I think I've seen groves being sprayed year round but I can't tell you with what.


----------



## matt1954 (Sep 8, 2010)

Yes, about a mile from home on the way back we hit an ice patch here in Virginia. It was about 1:30 a.m. Law Enforcement responded and decided it was not an accident, therefore, no ticket. This is my first year in the groves, but not in pollination. It took us a year to locate a grower who would take us and about that time to find a place to stage the colonies and allow them to build up on the pepper flow prior to moving them in. It does appear the Kubota is a total loss and the adjuster is going through the motions to take care of replacement. I appreciate the comments of everyone, and for those whose expectations I did not meet, well, I will just have to try harder next year. :---) Wishing you all the best, 

Jerry


----------



## matt1954 (Sep 8, 2010)

PS, DC Honeybees posted the video. I am not good at those highly technical things which is why my son kicks by ****** at video games.
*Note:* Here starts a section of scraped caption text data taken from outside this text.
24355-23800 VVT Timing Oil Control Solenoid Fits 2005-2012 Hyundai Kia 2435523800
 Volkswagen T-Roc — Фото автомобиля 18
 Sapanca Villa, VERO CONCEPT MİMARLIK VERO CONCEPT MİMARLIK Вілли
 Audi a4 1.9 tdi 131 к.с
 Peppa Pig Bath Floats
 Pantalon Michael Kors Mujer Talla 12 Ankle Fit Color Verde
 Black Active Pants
Jeff does a great job with the videos and such.


----------



## Joel (Mar 3, 2005)

'Summary: Let's not demonize this important resource to our farmers and our own hobby. How commercial beekeepers manage their bees may not gel with everyone's view of long term sustainability, but you would be hard-pressed to find a group of folks more passionate about the health and well-being of the honeybee' 

DC - thanks for this summary - it was well said and really hits the nail on the head. It was enjoyable to watch your "transformation in understanding". Until you've done a trip front to back, hours of getting ready, hours to load, 15 hours on the road and then after being up for 24 or so hours, hours unloading - all the time worrying about your bees, it's hard to appreciate what goes on. Everyone should get to do this once! I hope you share this with your other DC beekeepers and perhaps you could forward it to NYC beekeepers as well, thanks for sharing it here!


----------



## toad (Jun 18, 2009)

Im with you beeslave!!! Good thing those beesuits were handy!! I've only had bees that mad when I dropped a pallet.


----------



## soupcan (Jan 2, 2005)

I must say the DOT folks must a been a naping the day you went south!
I don't think the straps used to hold the tractor in place on the trailer would have passed there inspection.


----------